__To do__
No pictures belong in the result; set down exactly the lines from the one containing "Una escalera con" through the final line of the listing, and nothing more.
- - -
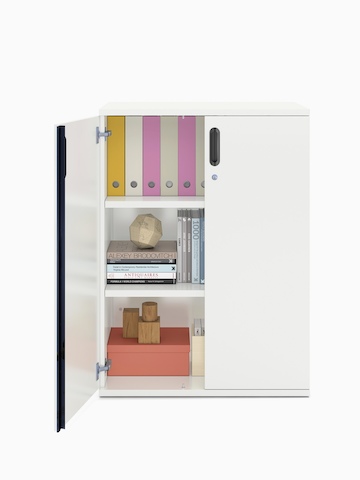 Books and binders fill a partially open Paragraph Storage unit with three modules and hinged doors, viewed from the front.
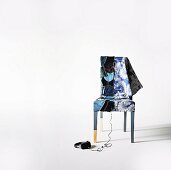 Chair with unusual cover made from patchwork of jeans pockets on the left side and floral patterns on the right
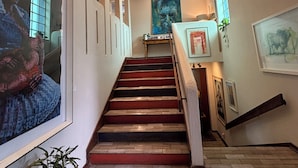Una escalera con peldaños rojos, un tapete de cuero de vaca y cuadros en las paredes.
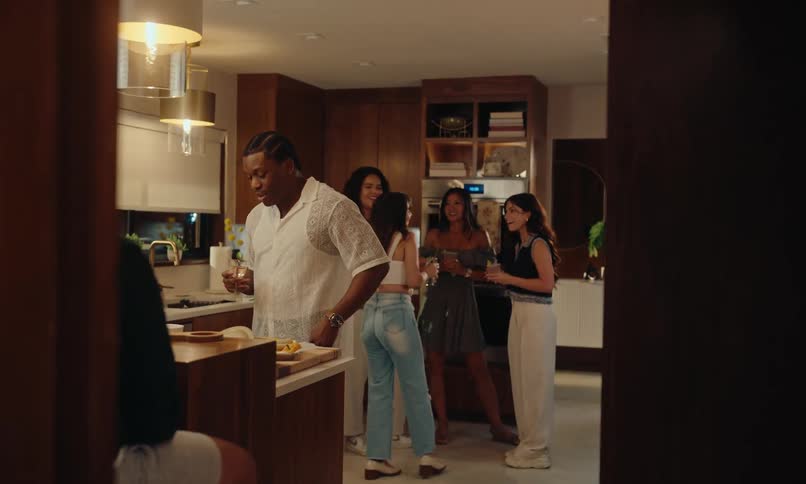 Group of friends in the kitchen eating drinking and talking to each other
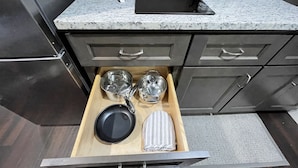 A kitchen with a granite countertop, a stainless steel refrigerator, and a drawer with pots, pans, and a striped cloth.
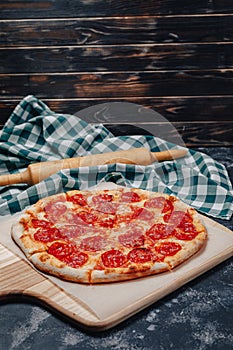 Mouth-watering Neapolitan pizza on a blackboard with various ingredients, free space for text
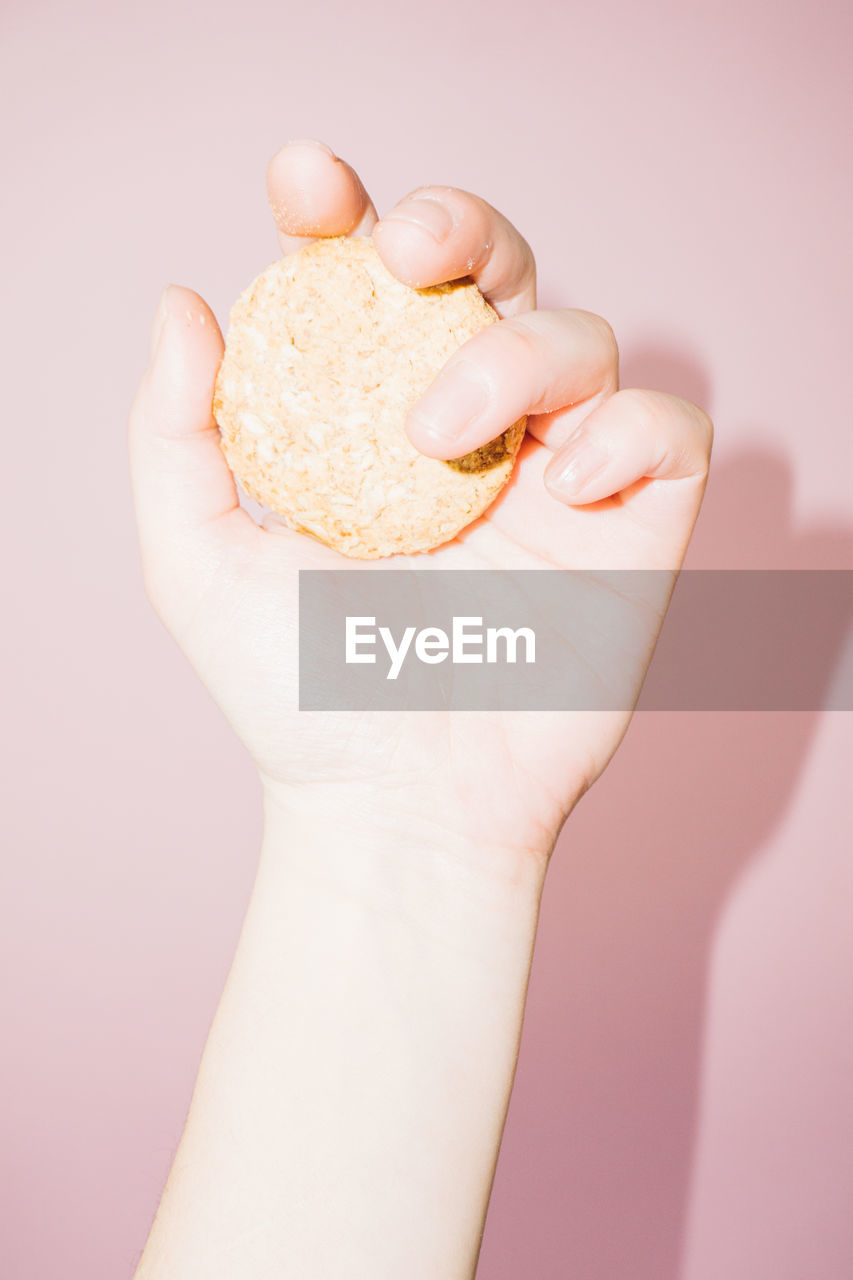 Close-up of hand holding cookie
- - -
__Result below__
Una escalera con peldaños rojos, un tapete de cuero de vaca y cuadros en las paredes.
 Group of friends in the kitchen eating drinking and talking to each other
 A kitchen with a granite countertop, a stainless steel refrigerator, and a drawer with pots, pans, and a striped cloth.
 Mouth-watering Neapolitan pizza on a blackboard with various ingredients, free space for text
 Close-up of hand holding cookie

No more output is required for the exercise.